I’m an undergraduate in America. So I check my cell phone every eleven seconds, respond to email within the hour, and binge drink on the regular. I do all of these things simultaneously at parties.
Becoming aware of my own impatience in social settings was an exercise in nausea. I looked around at friends taking shots and porch-sitting amiably on a barely breezy summer night.
“Where are we going next?”
“Okay, and after that?”
“I heard she’s all coked up.”
“It’s fine, we have options.”
We all have boundless options, really, because we’re a text away from anywhere but here. Double majors. Three boyfriends. Four messages asking us to smoke pot/ drink beer/ writhe at various locations on campus. Fifty Facebook friends we’ve never even met.
But what’s so awful about this party?
“It’s getting stale.”
“I promised my friend Kate we’d stop by.”
“There’d better be decent alcohol at the next stop.”
We can’t sit still. And that’s okay, because when we hang out, we all warm our laps with little boxes wearing glowing fruit. Videos of animals in their infancy are there to fill the sagging space where conversation used to reside. We really need never look each other in the eye, unless we’re doing Facetime.

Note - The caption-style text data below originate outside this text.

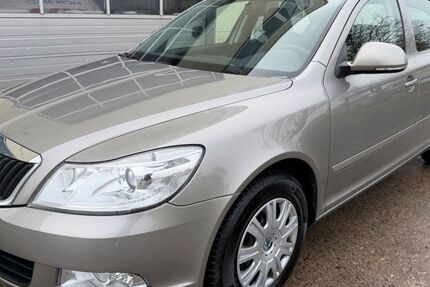 Skoda Octavia 79.000 km 6.500 &euro; Sindelfingen/Stuttgart 71069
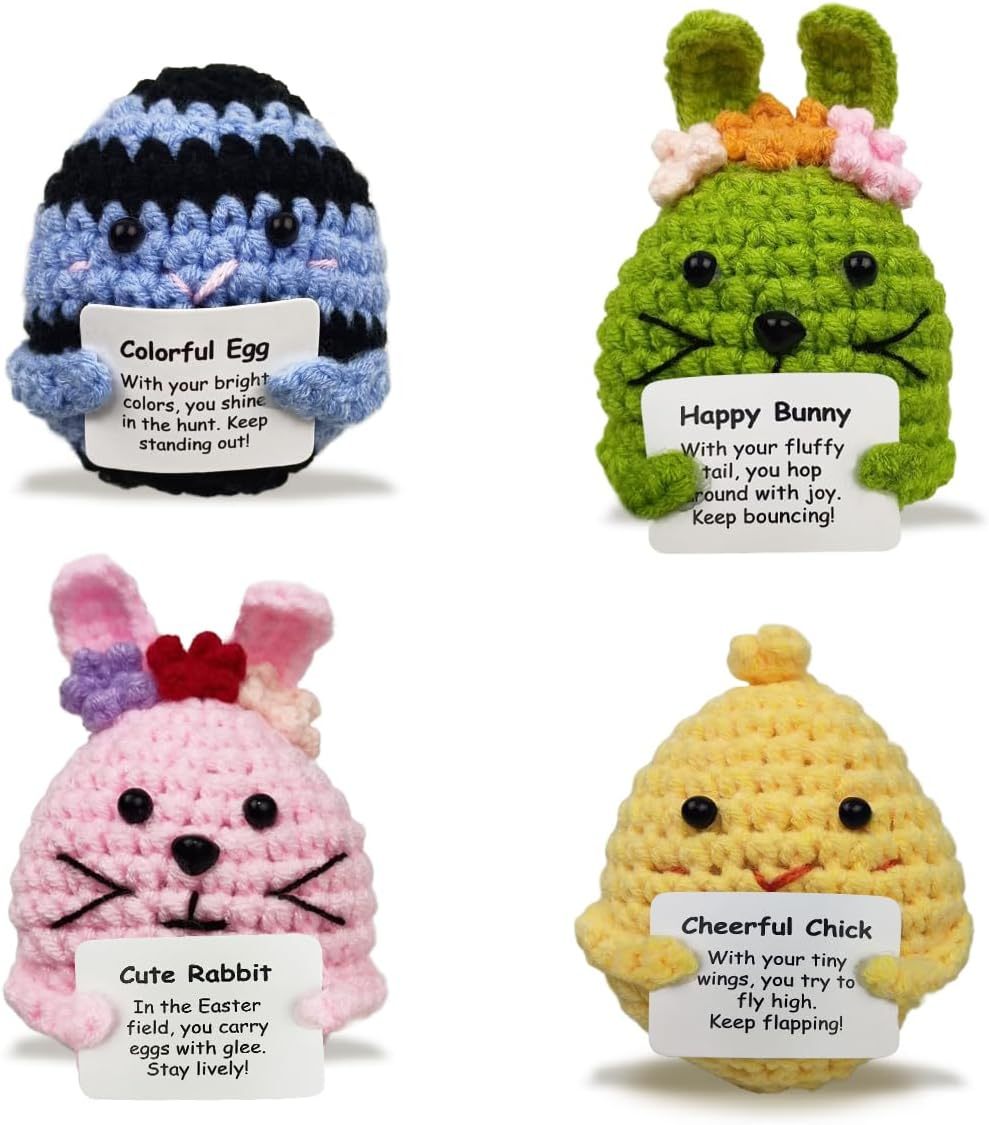 Knitted wool easter toys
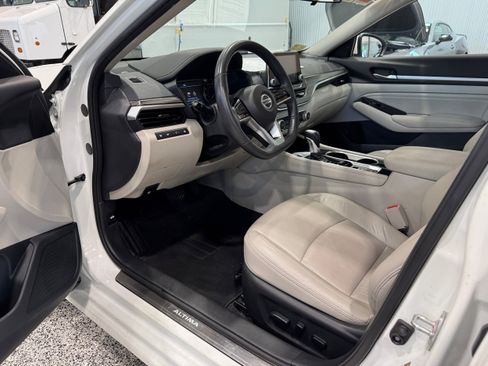 Used 2022 Nissan Altima 2.5 SL AWD/4WD image 13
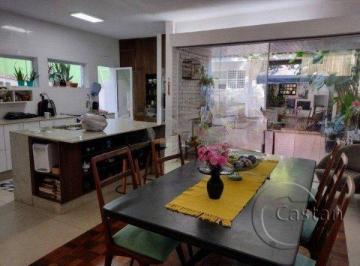 Casa · 240m² · 5 Quartos · 3 Vagas · Sobrado em Aclimação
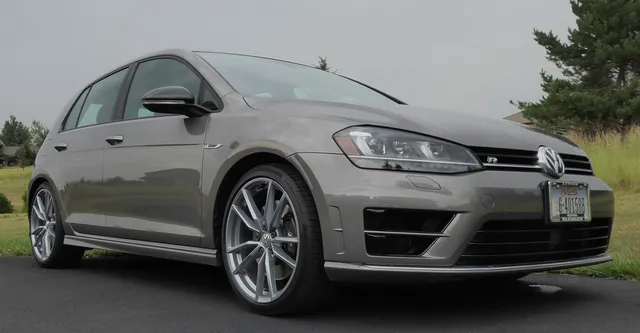 2017 Volkswagen Golf R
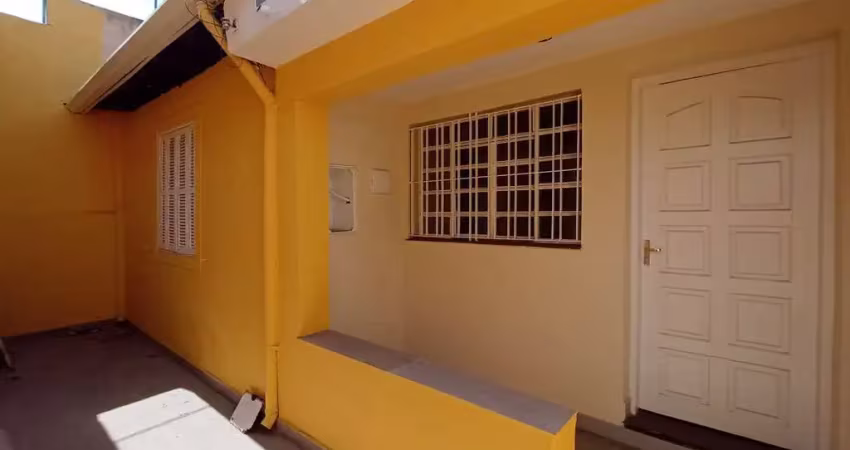 Casa com 2 quartos para alugar na Rua Henry Charles Potel, Jardim Elisio, São Paulo
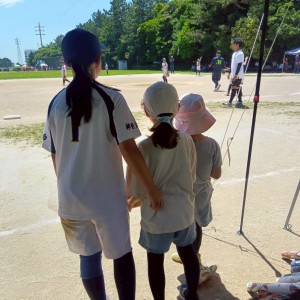 見学の姉妹 見学の姉妹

And so we’ll grow restless with the restlessness. We’ll go analog. We’ll host parties where instead of keys, everyone tosses phones into a bowl. We’ll smirk and scoff about dependence upon little boxes with screens. Later on, we can leave a perfectly wonderful gathering, full of the people we like, for a mediocre one.
Happiness will keep evading us. The real world does not have Wi-Fi.